At a glance

DeepSeekpricing, performance & catalog

The citable facts about DeepSeek's 4 models — sourced from provider APIs and refreshed continuously.

Lowest price
DeepSeek-V4-Flash-Max at $0.140 per 1M input tokens
Highest throughput
DeepSeek-V3.2 (Non-thinking) at 100 tokens/s
Lowest latency
DeepSeek-V3.2 (Non-thinking) at 0.30s
Largest context
DeepSeek-V4-Flash-Max at 1.0M tokens
Catalog
4 active models from 1 organization

FAQ

Common questions about DeepSeek.

What is DeepSeek?

DeepSeek is an API provider that hosts large language models. Active models: 4; From (input): $0.14 / 1M tok; Avg throughput: 55 tok/s; Avg latency: 0.30 s; Max context: 1.0M.

How many models does DeepSeek offer?

DeepSeek currently serves 4 active models out of 9 historical offerings on LLM Stats.

What is DeepSeek's API pricing?

DeepSeek input pricing starts from $0.14 per 1M tokens, with the most expensive offering at $1.74 per 1M tokens. See the Pricing tab above for the full per-model breakdown.

How fast is DeepSeek?

DeepSeek averages 55 output tokens per second across its catalog, with average latency of 0.30s. Per-model performance is shown in the Performance tab.

Is DeepSeek OpenAI compatible?

Most providers expose an OpenAI-compatible /v1/chat/completions endpoint so you can switch from OpenAI to DeepSeek by changing only the base URL and API key. Check https://deepseek.com/ for the exact endpoint format and any provider-specific parameters.

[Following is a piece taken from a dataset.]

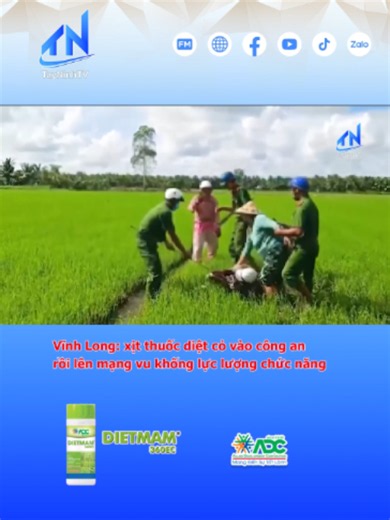 Vĩnh Long: xịt thuốc diệt cỏ vào công an, rồi lên mạng vu khống lực lượng chức năng #64_vinhlong #tayninhnews #tiktoknews #new #mcv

Whose models does DeepSeek host?

DeepSeek hosts models from DeepSeek. See the Models tab for the full catalog grouped by creator.

How do I start using DeepSeek?

Sign up at https://deepseek.com/ to get an API key, then call DeepSeek's API directly from your application. Most clients work out of the box by pointing the OpenAI SDK at DeepSeek's base URL with your key. Use the Pricing and Performance tabs above to pick the right model for your latency, cost, and context-window requirements.